La elección de 1971 es hija de la fractura originaria de 1958. Si el neobatllismo había sido una escisión urbana e industrial dentro del conjunto del Partido Colorado, los sectores agrupados en torno al Frente Amplio habían sido una escisión en las bases montevideanas de los mismos sectores que habían acompañado al neobatllismo. Forjado, al fin y al cabo, como una escisión continuadora de la política industrialista y terciarizante, se asentaba en bases a partir de las cuales era muy poco probable cualquier alianza históricamente viable con sectores sociales rurales —como no fueran los efectivamente irrelevantes sectores asalariados del medio rural—. La crítica radical a la política de desmantelamiento industrial no ofrecía, alternativamente, más proyecto que la continuidad esencial de las políticas neobatllistas. El reclamo de transformación de las estructuras agrarias no se asentaba en ninguna alianza efectiva con sectores sociales rurales. En rigor, cualquier alternativa de proyecto nacional efectivamente viable implicaba la participación jerárquica de sectores rurales modernizantes; sin embargo, la quiebra de 1958 había enfrentado, de modo definitivo, a unos y otros grupos, y —lo que es más grave— había articulado ese enfrentamiento en términos ideológicos. Las elecciones de 1971 muestran que la inmensa mayoría del país prefiere, en definitiva, el sistema político tradicional. Pero las elecciones no resuelven el problema de la crisis de hegemonía. Por el contrario, la agravan, al impedir la formación de cualquier alianza partidaria que asegurara un gobierno estable. Si las diversas clases y sectores sociales habían mostrado ya su incapacidad hegemónica, ahora se quebrará el ultimo resguardo de estabilidad: el sistema de partidos. El periodo 1972-1973 muestra su quiebre, pero recién en 1974 se hallará una forma de reemplazo.

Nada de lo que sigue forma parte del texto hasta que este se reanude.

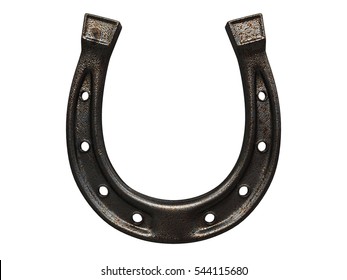 HorseShoe rusty steel isolated on white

La mayor originalidad en el proceso de consolidación del Estado uruguayo actual es —en nuestra opinión— la relativa institucionalidad de su proceso y la lentitud de su configuración. Como se ha anotado muchas veces, las formas de Estado institucionalizadas en 1973 no pueden entenderse sin recurrir a los sucesivos reajustes institucionales desde 1966 en adelante —reforma constitucional, medidas de seguridad, etcétera—. Una segunda originalidad es, en nuestra opinión, el hecho claro de que, en los momentos iniciales de su consolidación, el modelo careciera de cualquier interpretación común del proceso económico y —correlativamente— de cualquier política económica precisa.
Cuadro 4. Correlaciones (r) entre características estructurales y comportamiento electoral (19 departamentos, 1962-1971)
Fuente: Filgueira, 1974.
Cuadro 5. Correlaciones (r) para las elecciones de 1971
Fuente: Filgueira, 1974.
A partir de esas consideraciones, es posible fragmentar el periodo 1972-1980 en dos momentos diversos. El primero transcurre desde marzo de 1972 hasta 1974, y se caracteriza por la consolidación progresiva de una forma de Estado autoritaria cuyos determinantes propiamente ideológicos eran dominantes, en mucha mayor medida que los surgidos de una funcionalidad económica específica. El segundo transcurre desde 1974 a la fecha, y se caracteriza por una dependencia de los objetivos propiamente económicos. Es importante anotar que, a diferencia de los procesos seguidos en otros países latinoamericanos —como Argentina o Brasil—, esta segunda fase puede considerarse, en realidad, un injerto en el marco de una forma de Estado en la que están privilegiados los componentes propiamente ideológicos, y, a su vez, ambas deben considerarse injertadas en un Estado de las características analizadas en los capítulos anteriores —obligado a practicar de alguna manera una política de clientelas y de compatibilización de intereses, a partir de su propia función de la sociedad.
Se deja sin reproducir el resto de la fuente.